Ieq Capital LLC reduced its stake in shares of Realty Income Co. (NYSE:O – Free Report) by 2.4% during the fourth quarter, according to the company in its most recent 13F filing with the Securities & Exchange Commission. The institutional investor owned 30,512 shares of the real estate investment trust’s stock after selling 735 shares during the period. Ieq Capital LLC’s holdings in Realty Income were worth $1,630,000 at the end of the most recent reporting period.

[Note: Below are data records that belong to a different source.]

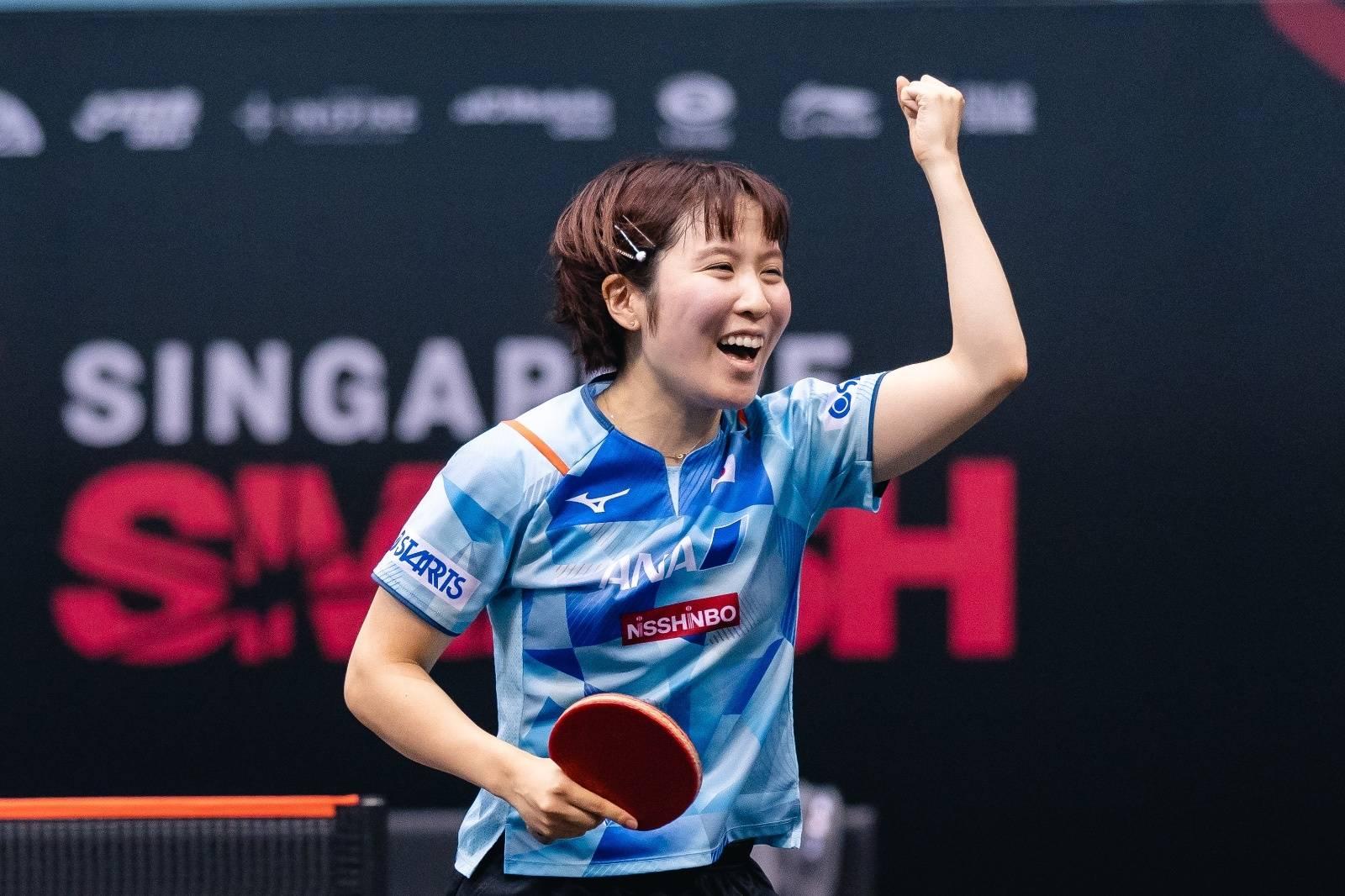 吉村真晴击败黄镇廷平野美宇和张本美和被淘汰林高远被击败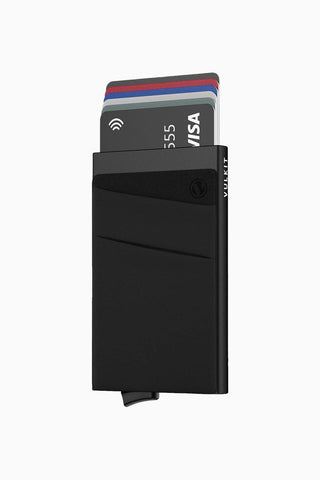 RFID Korumalı Mini Unisex Kartlık Cüzdan Para Bölmeli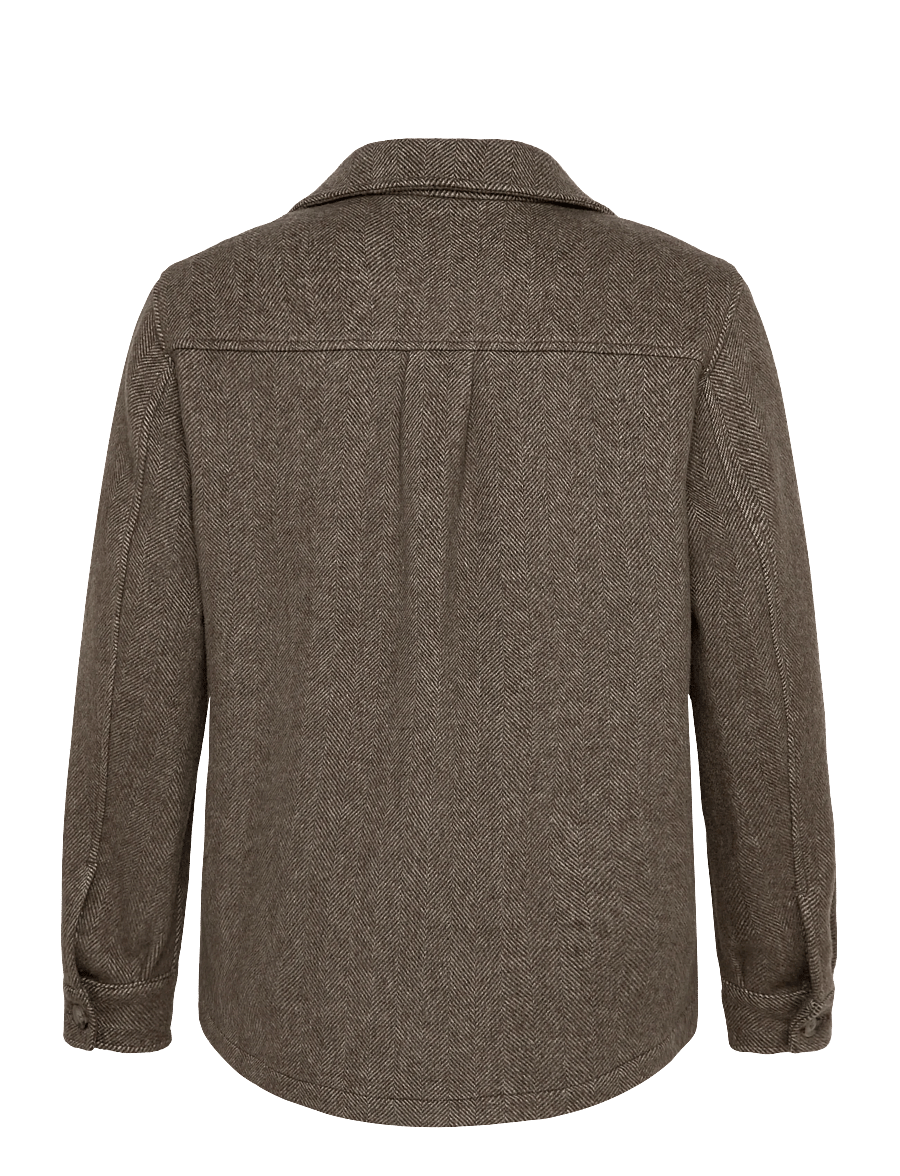 BOSS - C-Carper-OS-253F - vilnas virsjakas - open brown - 1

A number of other hedge funds also recently made changes to their positions in the stock. Rosenberg Matthew Hamilton lifted its holdings in Realty Income by 75.4% in the 3rd quarter. Rosenberg Matthew Hamilton now owns 491 shares of the real estate investment trust’s stock worth $31,000 after purchasing an additional 211 shares in the last quarter. Sierra Ocean LLC purchased a new position in shares of Realty Income in the fourth quarter worth $32,000. Creative Capital Management Investments LLC lifted its holdings in shares of Realty Income by 133.3% in the third quarter. Creative Capital Management Investments LLC now owns 525 shares of the real estate investment trust’s stock worth $33,000 after buying an additional 300 shares in the last quarter. ST Germain D J Co. Inc. boosted its position in shares of Realty Income by 306.5% during the fourth quarter. ST Germain D J Co. Inc. now owns 752 shares of the real estate investment trust’s stock worth $40,000 after acquiring an additional 567 shares during the last quarter. Finally, Luken Investment Analytics LLC purchased a new position in shares of Realty Income during the fourth quarter valued at about $40,000. 70.81% of the stock is currently owned by institutional investors.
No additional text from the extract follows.